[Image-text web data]
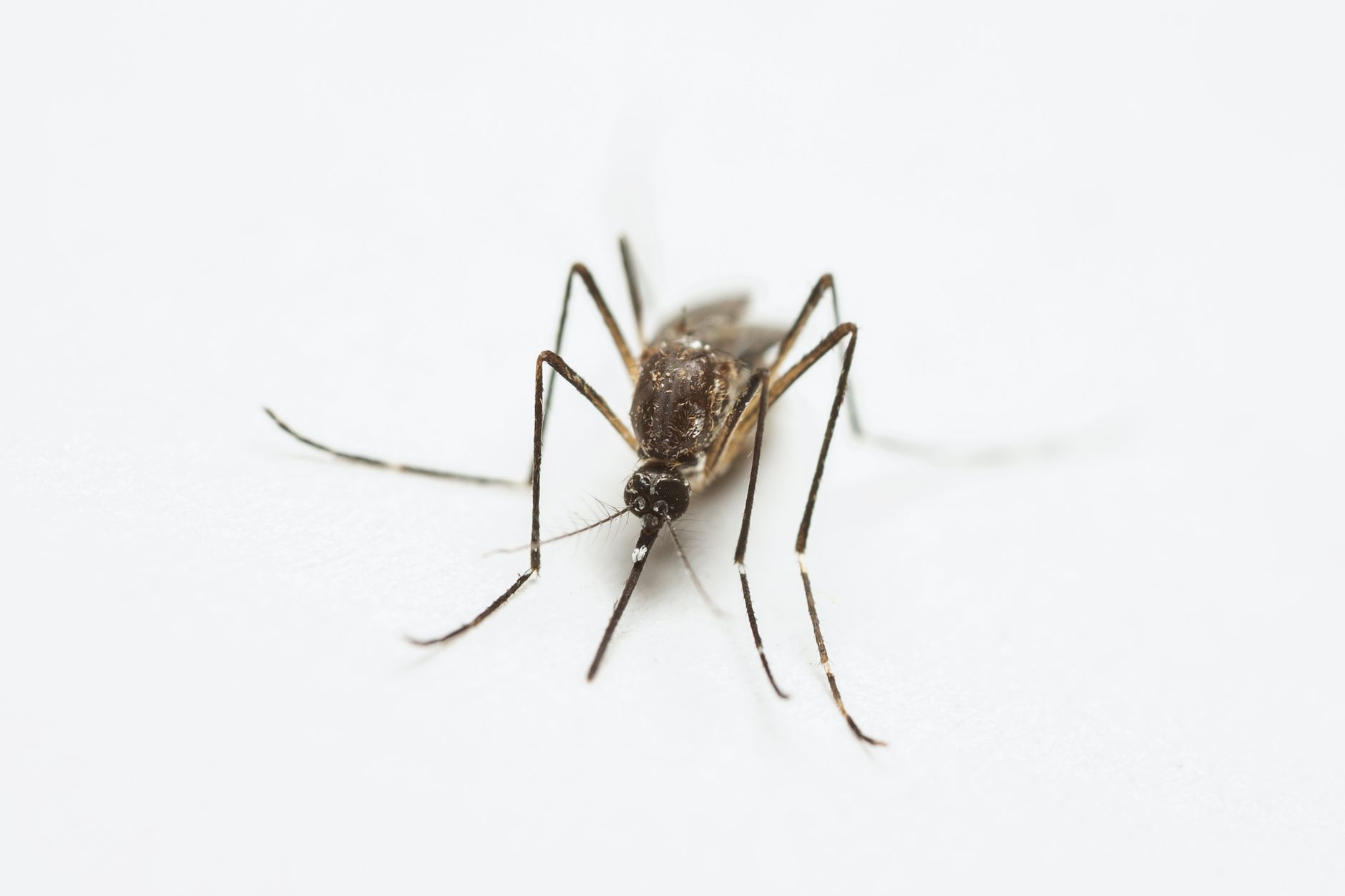 West Nile, zanzare positive a Brescello: misure anche a Parma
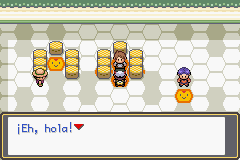 pokemon gaia gym leader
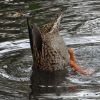 Köpfchen in das Wasser ...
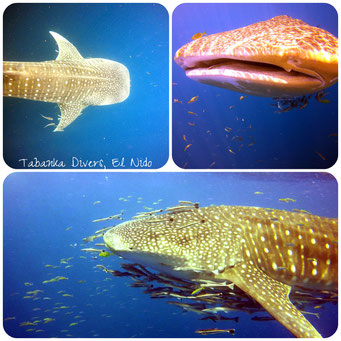 whaleshark in el nido. butanding. 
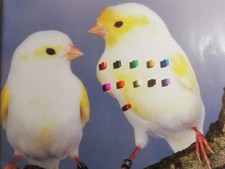 Bague PVC fermée 3mm pour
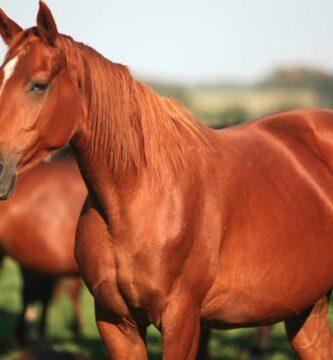 Suplementos para caballos: cómo mejorar el rendimiento y la recuperación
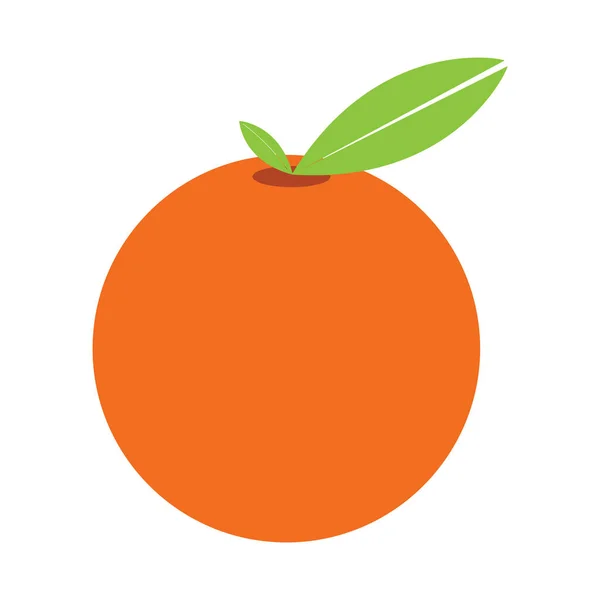 柑橘类水果图标图标图标图标设计 — 图库矢量图片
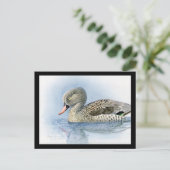 Carte postale Vintage Chicago Art-Abyssinian Birds (Debout devant)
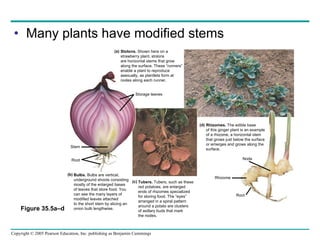 Many plants have modified stems Figure 35.5a–d Rhizomes.  The edible base  of this ginger plant is an example  of a rhizome, a horizontal stem  that grows just below the surface  or emerges and grows along the surface. (d) Tubers.  Tubers, such as these  red potatoes, are enlarged  ends of rhizomes specialized for storing food. The “eyes”  arranged in a spiral pattern  around a potato are clusters  of axillary buds that mark the nodes. (c) Bulbs.  Bulbs are vertical, underground shoots consisting mostly of the enlarged bases  of leaves that store food. You  can see the many layers of  modified leaves attached  to the short stem by slicing an  onion bulb lengthwise. (b) Stolons.  Shown here on a  strawberry plant, stolons  are horizontal stems that grow  along the surface. These “runners” enable a plant to reproduce  asexually, as plantlets form at  nodes along each runner. (a) Storage leaves Stem Root Node Rhizome Root 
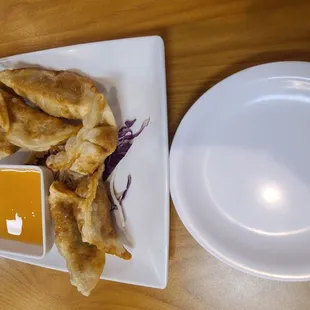 Dumplings - appetizer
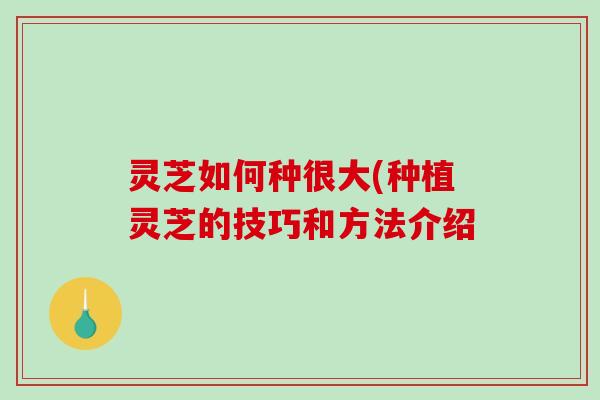 灵芝种植技巧和方法介绍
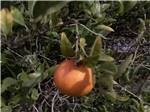 An orange on an orange tree at NAPA VALLEY EXPO RV PARK - thumbnail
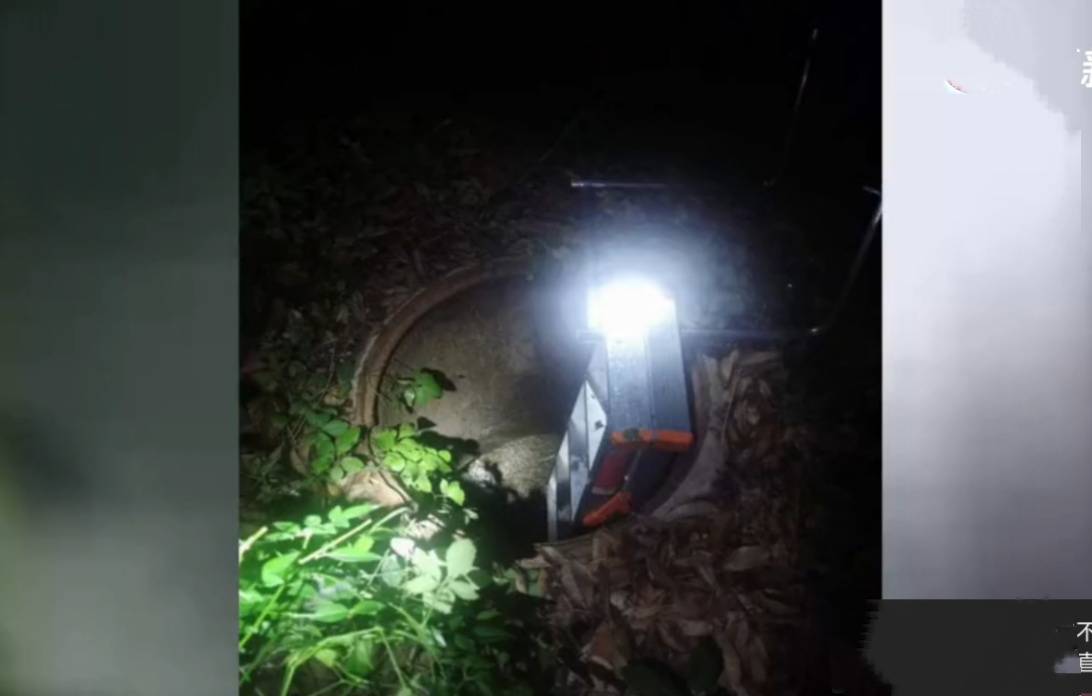 白日梦魇，掉入粪坑的寓意与自我救赎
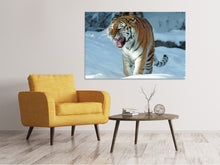 Laden Sie das Bild in den Galerie-Viewer, Leinwandbild Tiger im Schnee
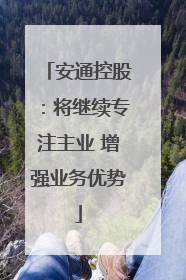 安通控股：将继续专注主业 增强业务优势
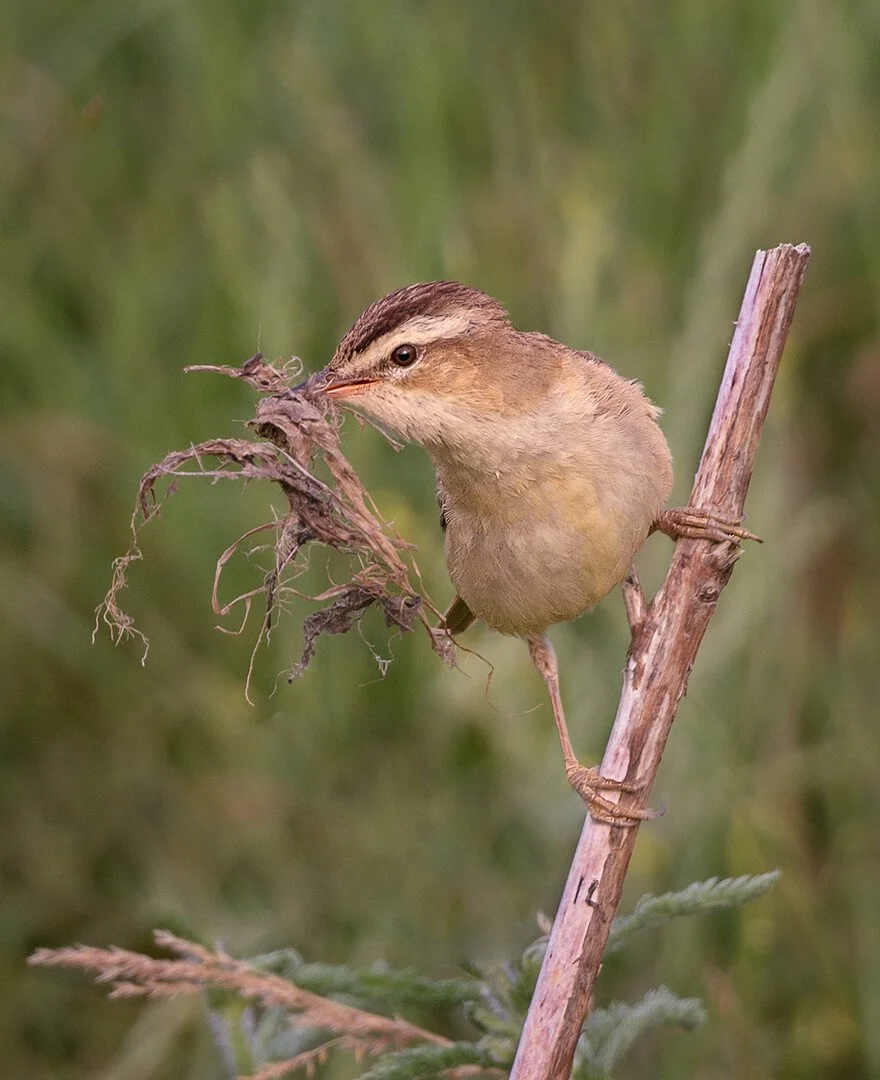 01 Collecting nesting material.jpg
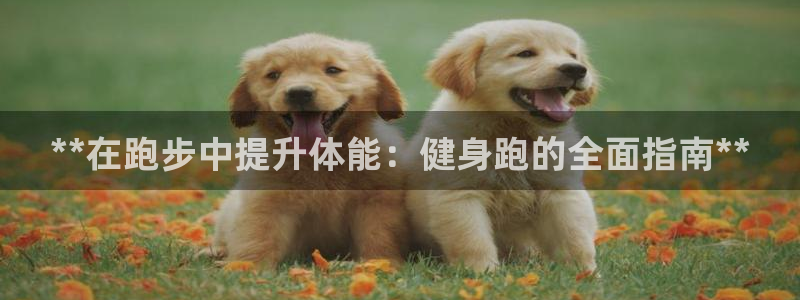 龙8国际中国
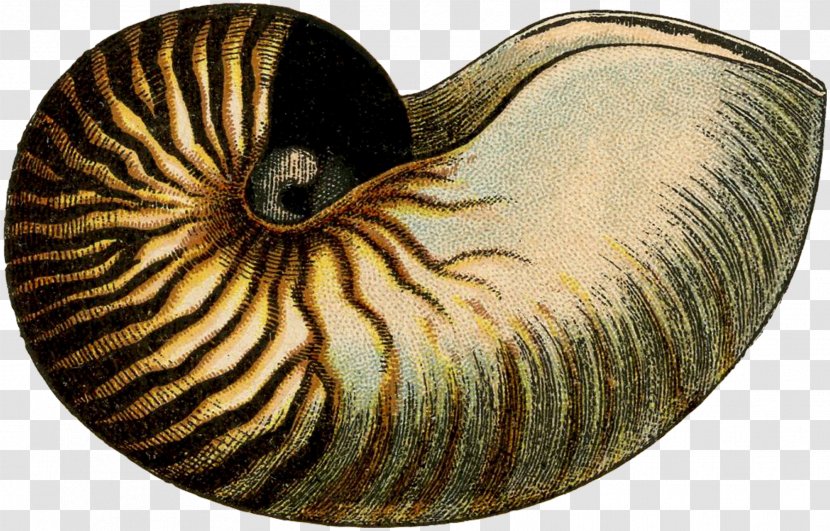 Snail Chambered Nautilus Nautilidae Towel Drap De Neteja - Nautilida Transparent PNG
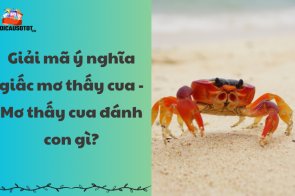 Giải mã ý nghĩa giấc mơ thấy cua – Mơ thấy cua đánh con gì?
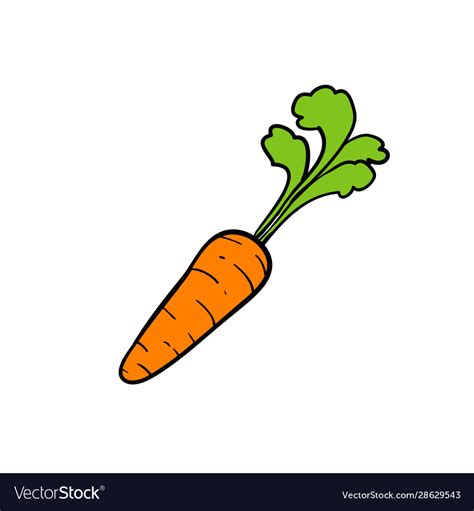 Doodle Carrot Nutritious Vegetable Hand Drawn Vector Image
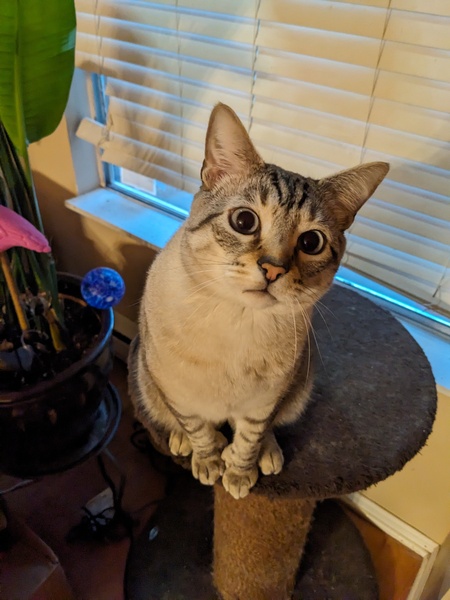 Entry image for Murphy . Clicking this image will show a larger photo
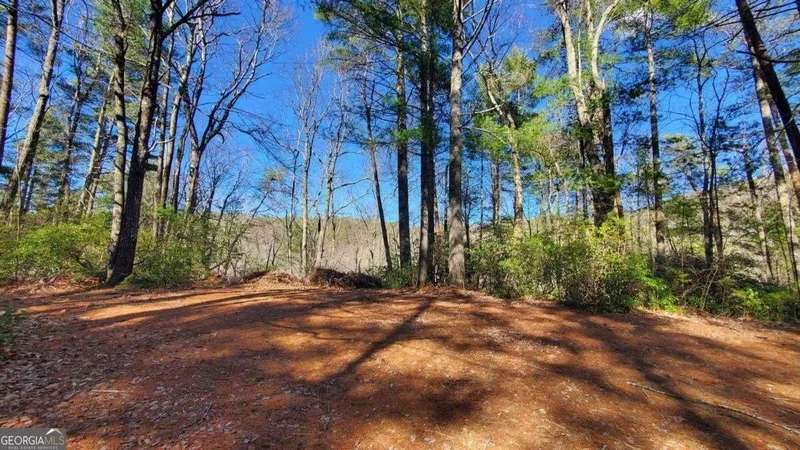 51+ ACRE Mountain Cove Way #1-8, Cherry Log, GA 30522, Cherry Log, Georgia, United States. - Photo 2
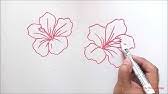 Milhares de fotos novas de alta qualidade são adicionadas todos os dias. How To Draw Hibiscus Simple For Beginners Youtube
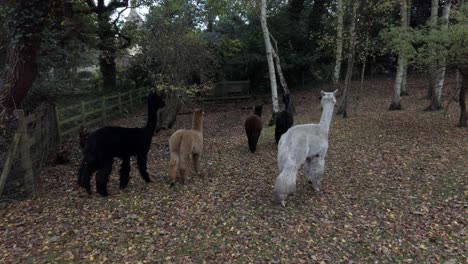 Young-herd-of-shy-Alpaca-walking-through-rural-Autumn-woodland-farm-trees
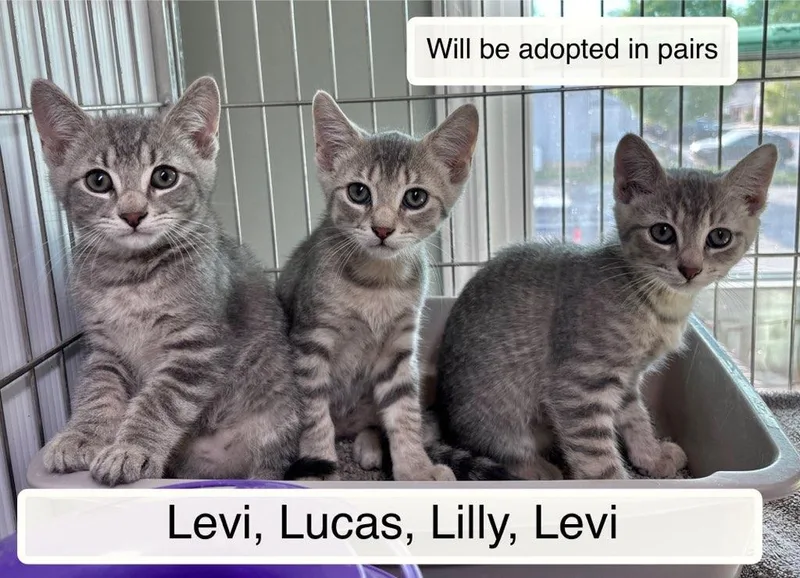 Lily And Leo thumbnail 2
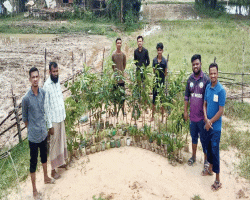 সিলেটে বৃক্ষরোপন কর্মসূচী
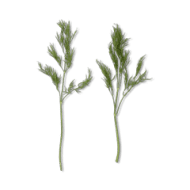 Dill Leaves - Other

> _YOUR INSTRUCTIONS_
Repeat every entry exactly. Do not include the pictures.

> _SOLUTION BELOW_
 West Nile, zanzare positive a Brescello: misure anche a Parma
 pokemon gaia gym leader
 Köpfchen in das Wasser ...
 whaleshark in el nido. butanding. 
 Bague PVC fermée 3mm pour
 Suplementos para caballos: cómo mejorar el rendimiento y la recuperación
 柑橘类水果图标图标图标图标设计 — 图库矢量图片
 Carte postale Vintage Chicago Art-Abyssinian Birds (Debout devant)
 Many plants have modified stems Figure 35.5a–d Rhizomes.  The edible base  of this ginger plant is an example  of a rhizome, a horizontal stem  that grows just below the surface  or emerges and grows along the surface. (d) Tubers.  Tubers, such as these  red potatoes, are enlarged  ends of rhizomes specialized for storing food. The “eyes”  arranged in a spiral pattern  around a potato are clusters  of axillary buds that mark the nodes. (c) Bulbs.  Bulbs are vertical, underground shoots consisting mostly of the enlarged bases  of leaves that store food. You  can see the many layers of  modified leaves attached  to the short stem by slicing an  onion bulb lengthwise. (b) Stolons.  Shown here on a  strawberry plant, stolons  are horizontal stems that grow  along the surface. These “runners” enable a plant to reproduce  asexually, as plantlets form at  nodes along each runner. (a) Storage leaves Stem Root Node Rhizome Root 
 Dumplings - appetizer
 灵芝种植技巧和方法介绍
 An orange on an orange tree at NAPA VALLEY EXPO RV PARK - thumbnail
 白日梦魇，掉入粪坑的寓意与自我救赎
 Laden Sie das Bild in den Galerie-Viewer, Leinwandbild Tiger im Schnee
 安通控股：将继续专注主业 增强业务优势
 01 Collecting nesting material.jpg
 龙8国际中国
 Snail Chambered Nautilus Nautilidae Towel Drap De Neteja - Nautilida Transparent PNG
 Giải mã ý nghĩa giấc mơ thấy cua – Mơ thấy cua đánh con gì?
 Doodle Carrot Nutritious Vegetable Hand Drawn Vector Image
 Entry image for Murphy . Clicking this image will show a larger photo
 51+ ACRE Mountain Cove Way #1-8, Cherry Log, GA 30522, Cherry Log, Georgia, United States. - Photo 2
 Milhares de fotos novas de alta qualidade são adicionadas todos os dias. How To Draw Hibiscus Simple For Beginners Youtube
 Young-herd-of-shy-Alpaca-walking-through-rural-Autumn-woodland-farm-trees
 Lily And Leo thumbnail 2
 সিলেটে বৃক্ষরোপন কর্মসূচী
 Dill Leaves - Other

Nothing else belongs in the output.